___ MATERIAL SUPPLIED ___

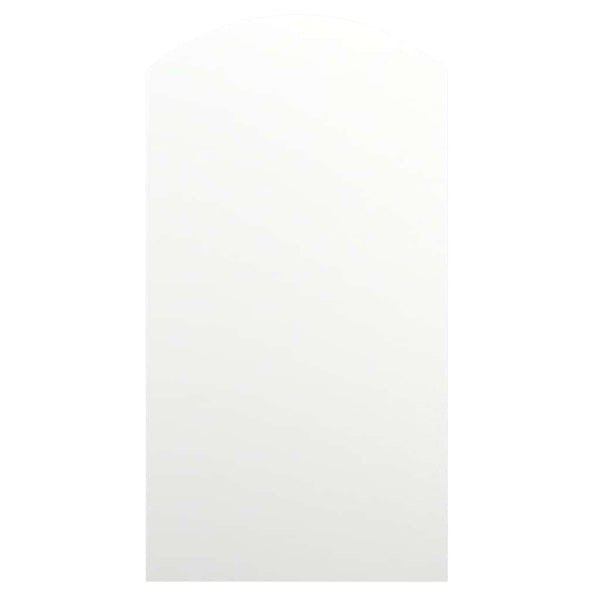 vidaXL Mirror with LED Lights 90x45 cm Glass Arched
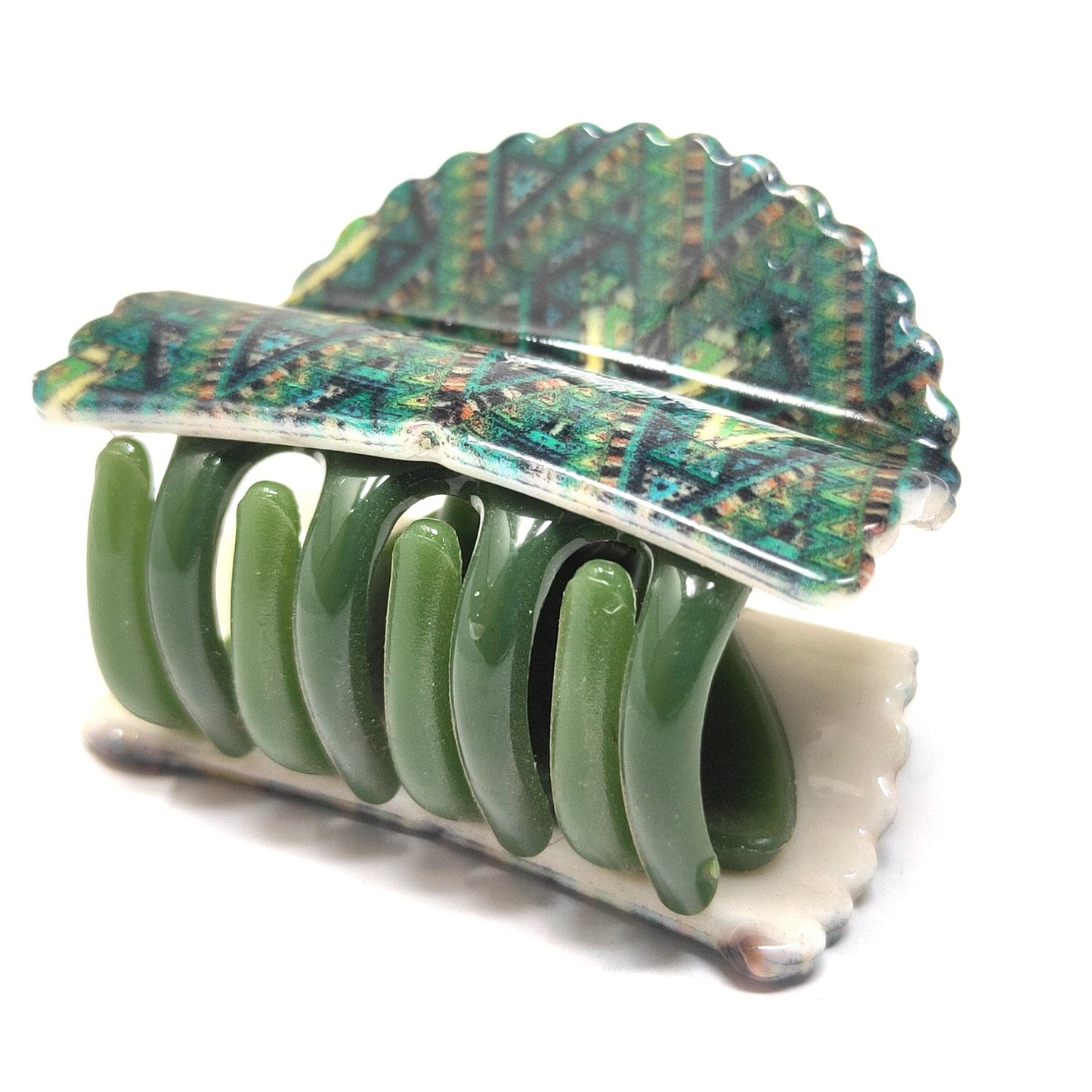 Textured Fancy Plastic Hair Clutcher / Hair Claw for Girls and Women (98-01G Clutcher)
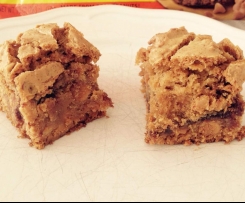 Double Peanut Butter Brownies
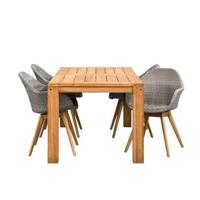 Le Sud tuinset Abruzzo Antibes V2 - lichtgrijs - 5-delig - thumbnail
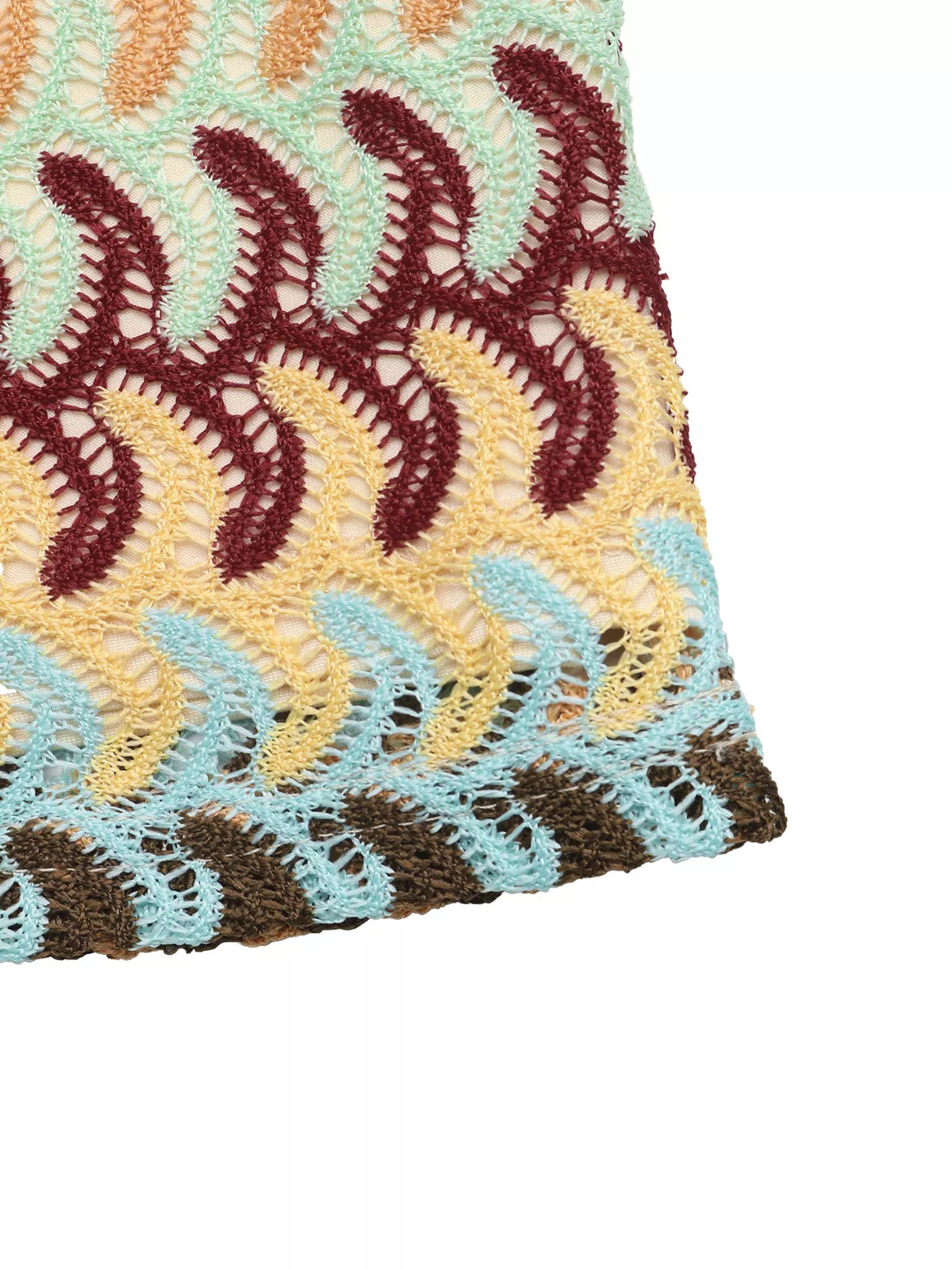 Crochet Mini Skirt in Yellow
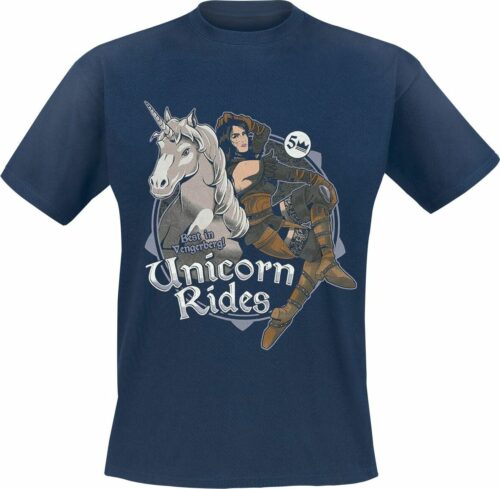The Witcher Unicorn Rides tricko námořnická modrá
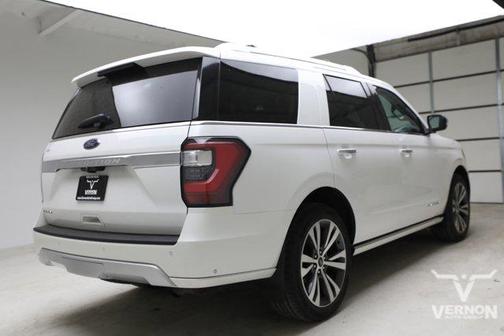 Star White Metallic Tri-Coat 2021 Ford Expedition Platinum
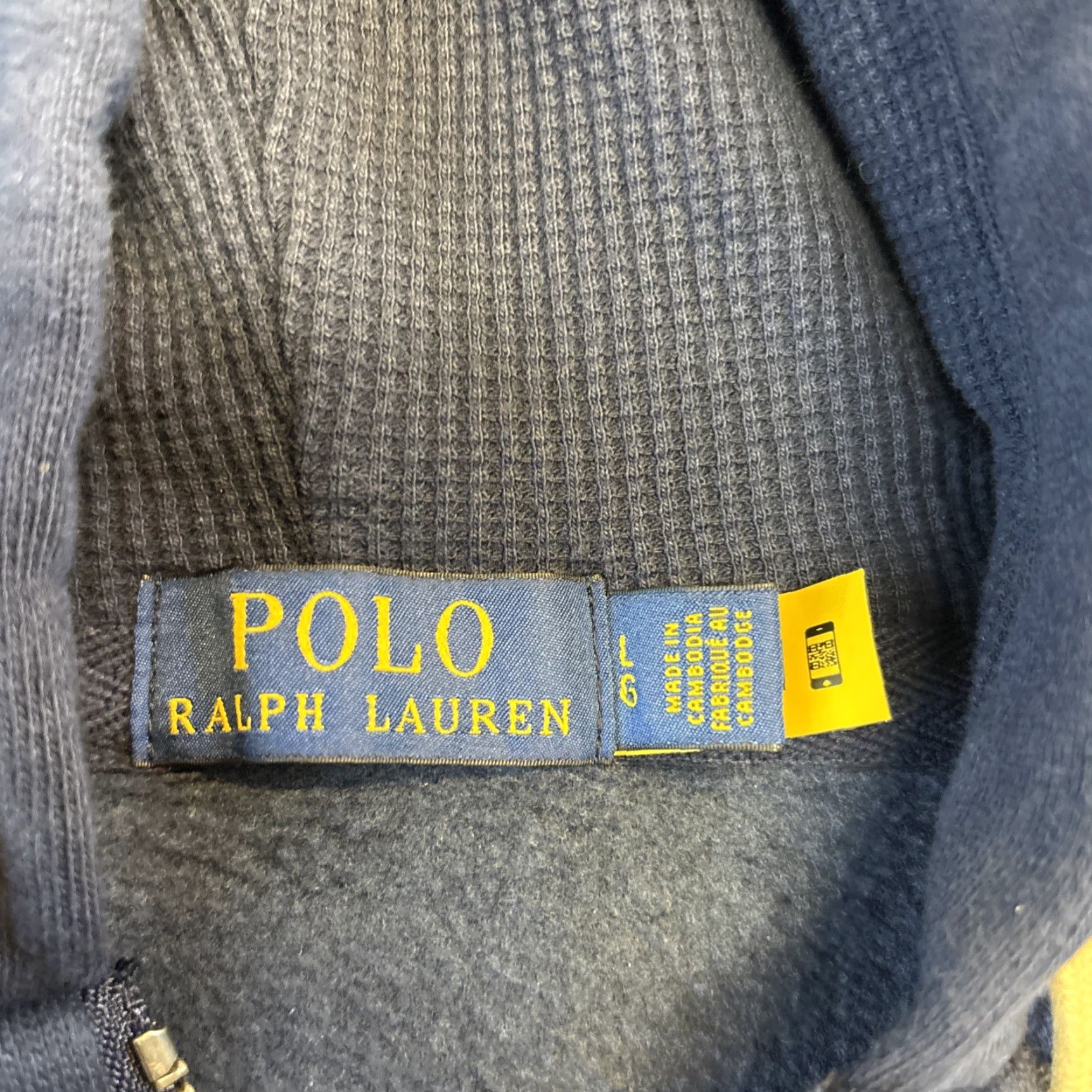 Polo Ralph Lauren Polo Ralph Lauren Hoodie Zip Fleece Lined 41381 Adult Large Blue Nike? Size US L / EU 52-54 / 3 - 3 Thumbnail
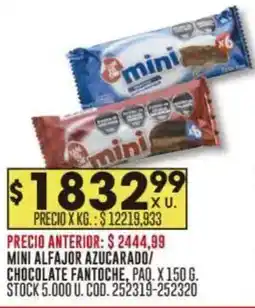Coto Mini alfajor azucarado/ chocolate fantoche oferta
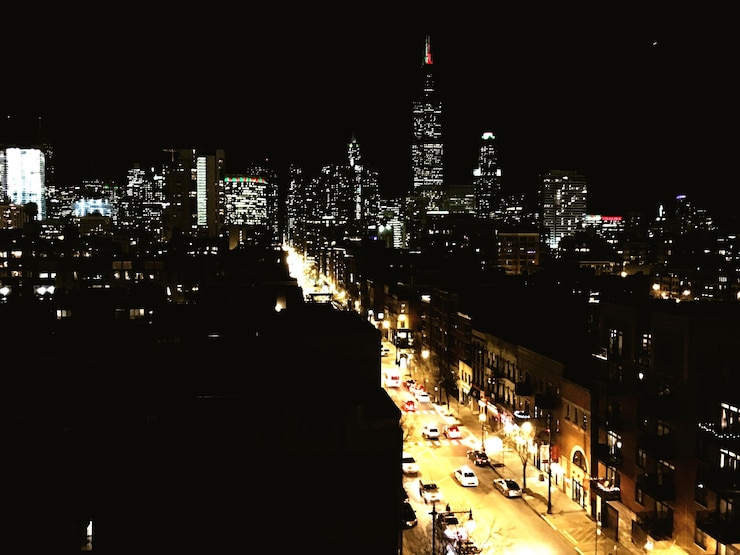 Foto città di notte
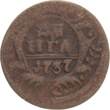 Russland Denga (1/2 Kopeke) 1737 Anna Ivanova (1730-1740) VF-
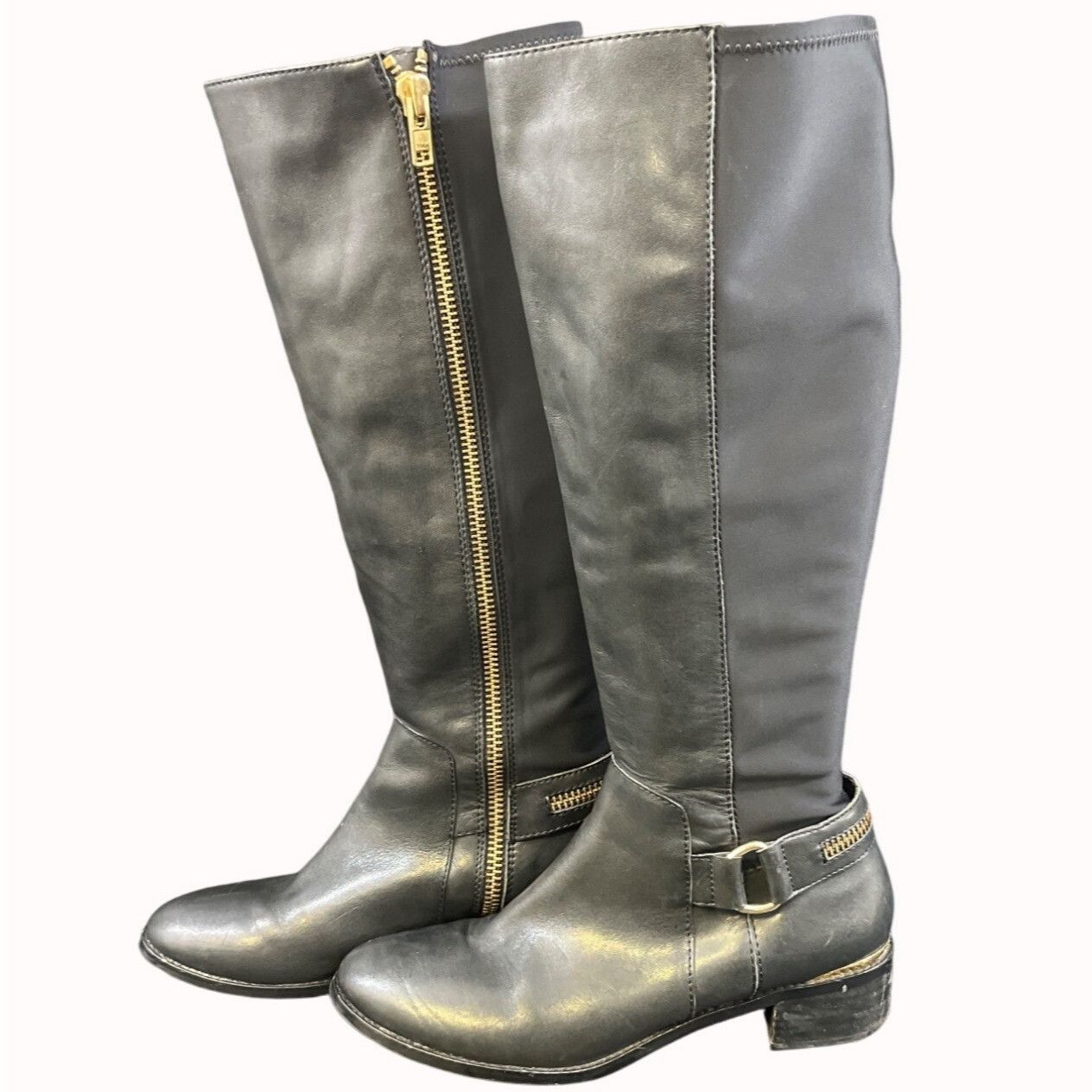 Steve Madden Steve Madden Ryperr Women's Black Riding Boots/Knee High Sz Size US 9.5 / IT 39.5 - 2 Thumbnail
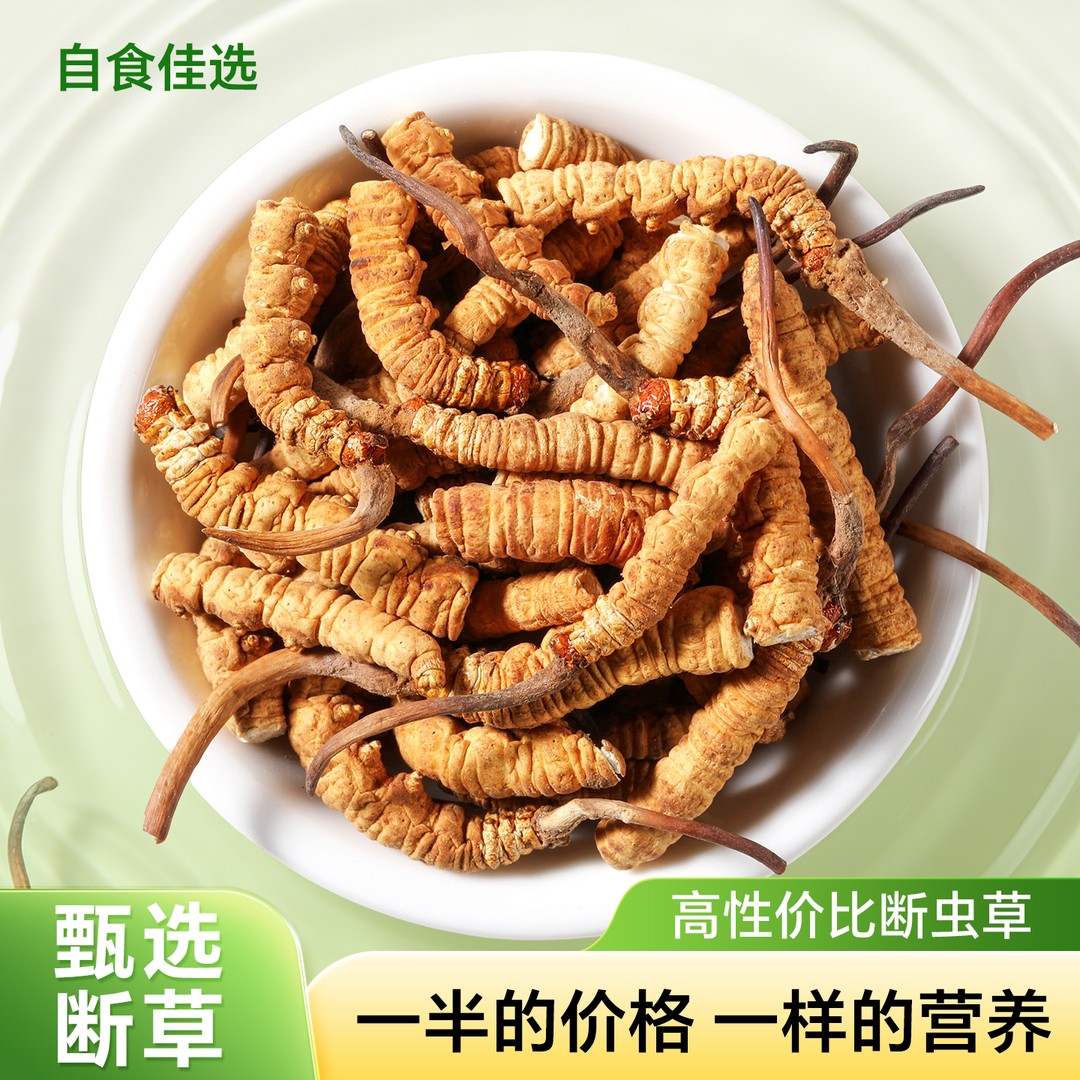 【仁养轩甄选】正宗冬虫夏草头茬大断草滋补实惠佳品商品图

___

▶ [WORK TO COMPLETE]:
Give again exactly the lines running from the beginning of the material above through the line that contains "The Witcher Unicorn", and leave out every picture.

▶ [EXERCISE ANSWER]:
 vidaXL Mirror with LED Lights 90x45 cm Glass Arched
 Textured Fancy Plastic Hair Clutcher / Hair Claw for Girls and Women (98-01G Clutcher)
 Double Peanut Butter Brownies
 Le Sud tuinset Abruzzo Antibes V2 - lichtgrijs - 5-delig - thumbnail
 Crochet Mini Skirt in Yellow
The Witcher Unicorn Rides tricko námořnická modrá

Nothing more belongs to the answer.